Common has set his latest project under his overall deal at Lionsgate TV.

He’ll adapt the recent Zora Neale Hurston book Barracoon. Lionsgate TV and Common recently acquired the rights to develop the book as a limited series.

A work of non-fiction and based on interviews from 1927, Barracoon went unpublished until 2017.

Here’s the official description from the book publisher:

Eighty-six-year-old Cudjo Lewis, a survivor of the Clotilda, the last slaver known to have made the transatlantic journey. Illegally brought to the United States, Cudjo was enslaved fifty years after the slave trade was outlawed. At the time, Cudjo was the only person alive who could recount this integral part of the nation’s history.
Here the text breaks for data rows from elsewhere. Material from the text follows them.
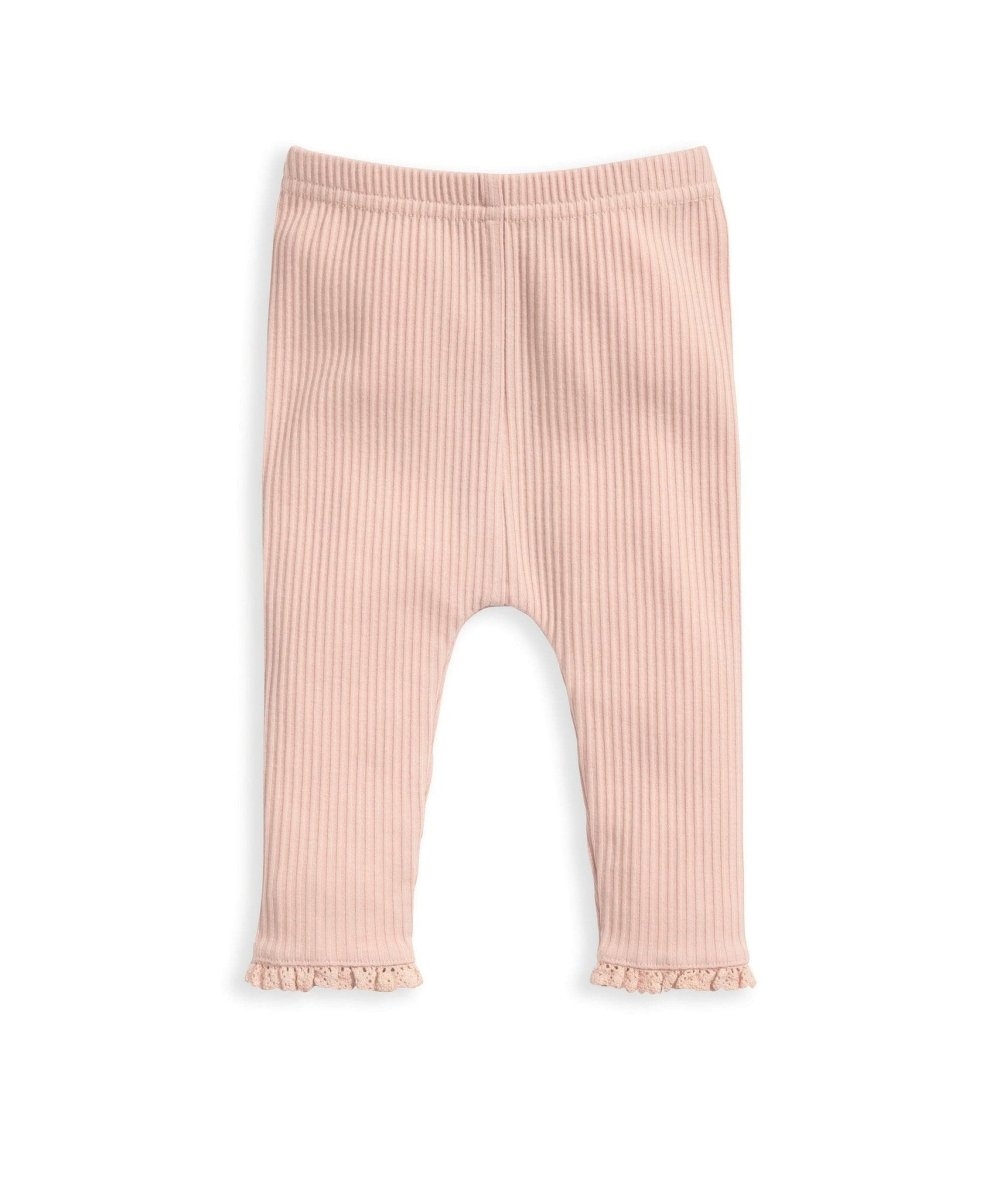 Ribbed Leggings - Pink | Legging | Mamas & Papas for Mamas & Papas LB - 6hr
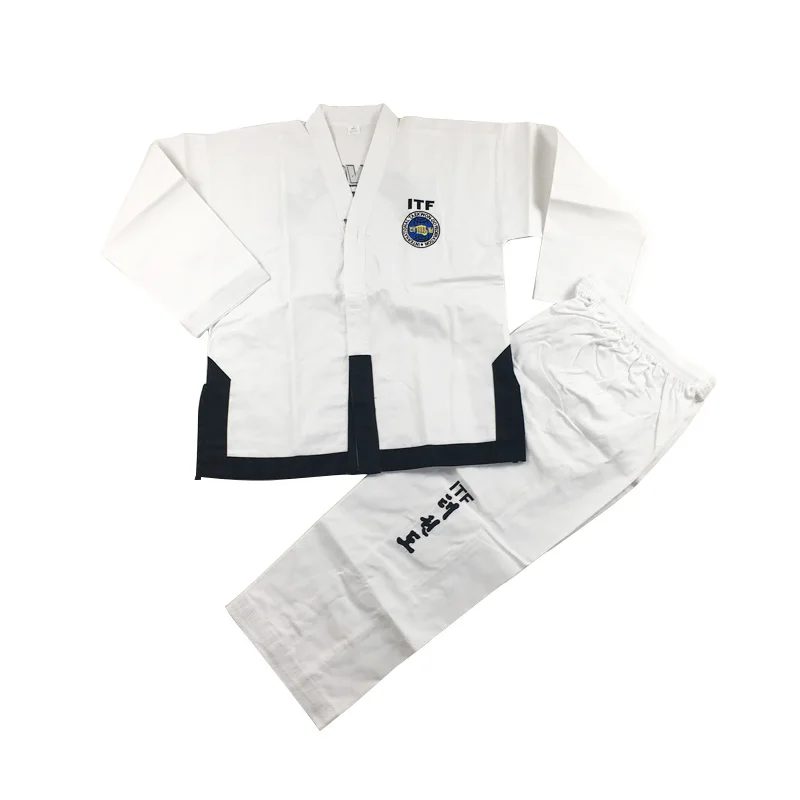 Taekwondo 1-3DAN Dobok Standard ITF Uniform For Master Assistant Instructor clothing Exquisite Embroidery Taekwondo Suit
Taekwondo 1-3DAN Dobok Standard ITF Uniform For Master Assistant Instructor clothing Exquisite Embroidery Taekwondo Suit
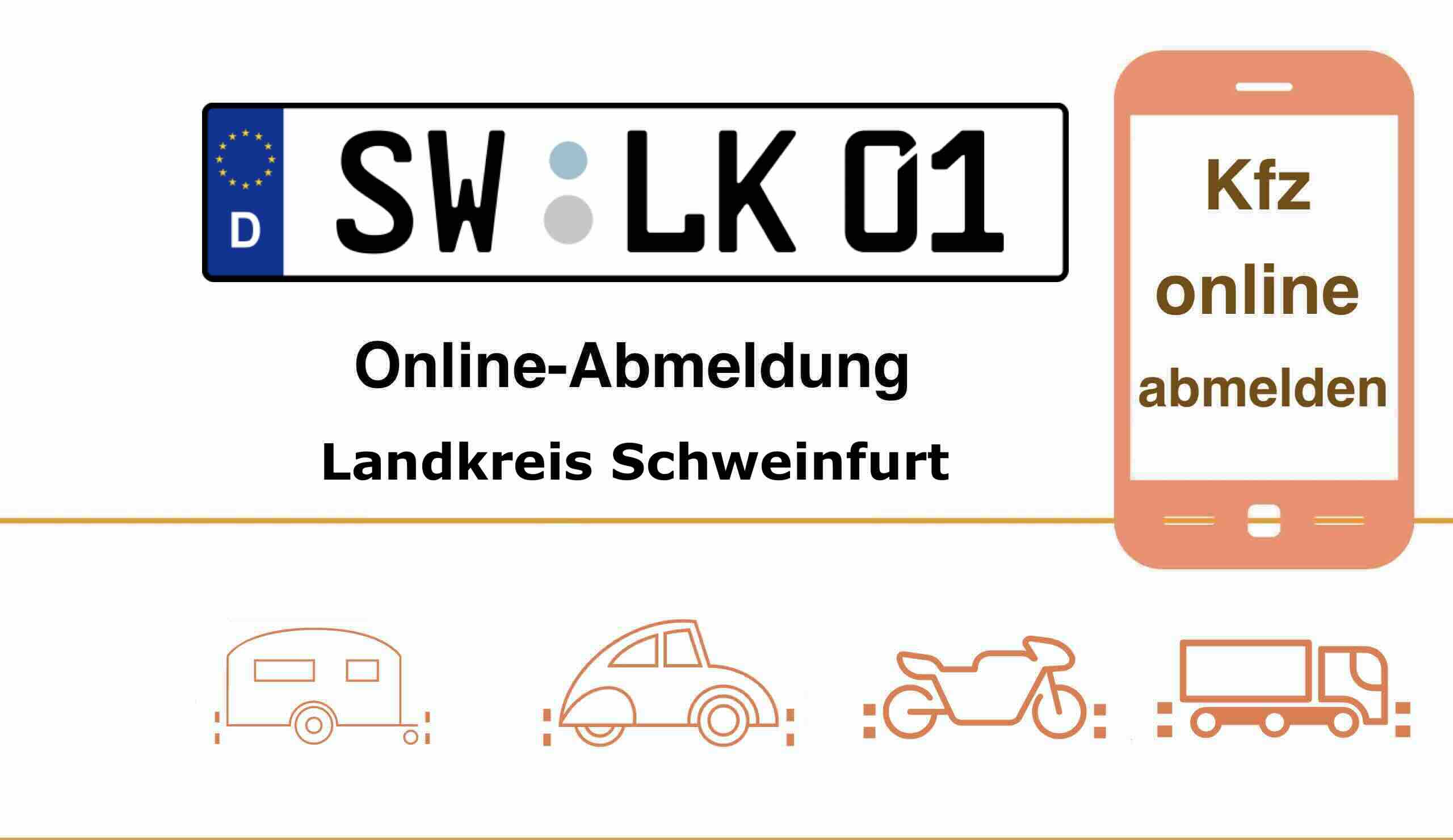 Online-Fahrzeugabmeldung im Landkreis Schweinfurt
As a cultural anthropologist, Hurston was eager to hear about these experiences firsthand. But the reticent elder didn’t always speak when she came to visit. Sometimes he would tend his garden, repair his fence, or appear lost in his thoughts. During an intense three-month period, Hurston and Cudjo communed over her gifts of peaches and watermelon, and gradually Cudjo, a poetic storyteller, began to share heartrending memories of his childhood in Africa; the attack by female warriors who slaughtered his townspeople; the horrors of being captured and held in the barracoons of Ouidah for selection by American traders; the harrowing ordeal of the Middle Passage aboard the Clotilda as “cargo” with more than one hundred other souls; the years he spent in slavery until the end of the Civil War; and finally his role in the founding of Africatown. Barracoon employs Hurston’s skills as both an anthropologist and a writer, and brings to life Cudjo’s singular voice, in his vernacular, in a poignant, powerful tribute to the disremembered and the unaccounted. This profound work is an invaluable contribution to our history and culture.

A manuscript of the book was at Howard University for more than 50 years before the book was published.

This is Common’s second project under his Lionsgate deal, the first being an adaptation of The Saturday Night Knife & Gun Club.

This would only be the second Hurston project to make it to the screen. The first was an adaptation of Their Eyes Were Watching God, a 2005 ABC TV film starring Halle Berry, Ruby Dee, Michael Ealy and Ruben Santiago-Hudson.